> _Data segment_:

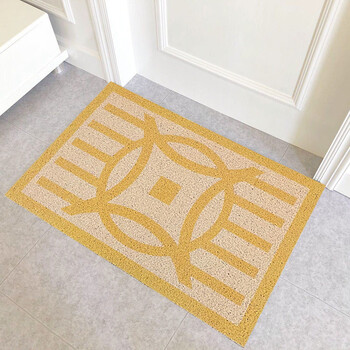 黄色风水地毯黄色入户门开运金色丝圈进门中式五行大门口门厅门外2022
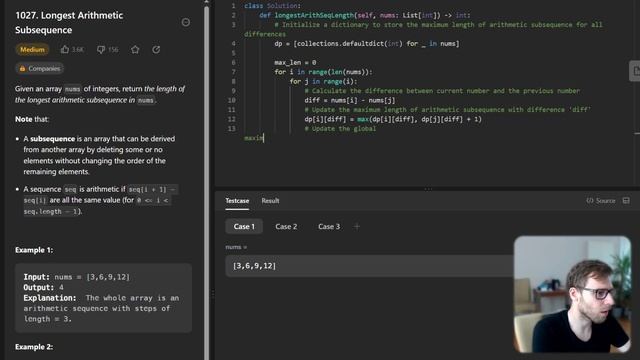 Python Tutorial | LeetCode 1027: Longest Arithmetic Subsequence | Dynamic Programming Explained смотреть онлайн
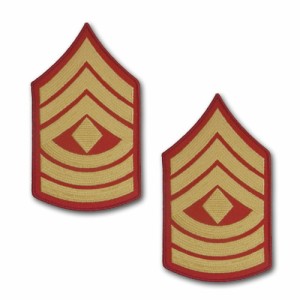 アメリカ海兵隊 階級章 袖章 先任曹長［管理職］(E-9) ゴールド/レッド | サービスドレス用(刺繍)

> _Required action_:
Write out the material above once more, word for word. Images stay out.

> _Expected answer_:
 黄色风水地毯黄色入户门开运金色丝圈进门中式五行大门口门厅门外2022
 Python Tutorial | LeetCode 1027: Longest Arithmetic Subsequence | Dynamic Programming Explained смотреть онлайн
 アメリカ海兵隊 階級章 袖章 先任曹長［管理職］(E-9) ゴールド/レッド | サービスドレス用(刺繍)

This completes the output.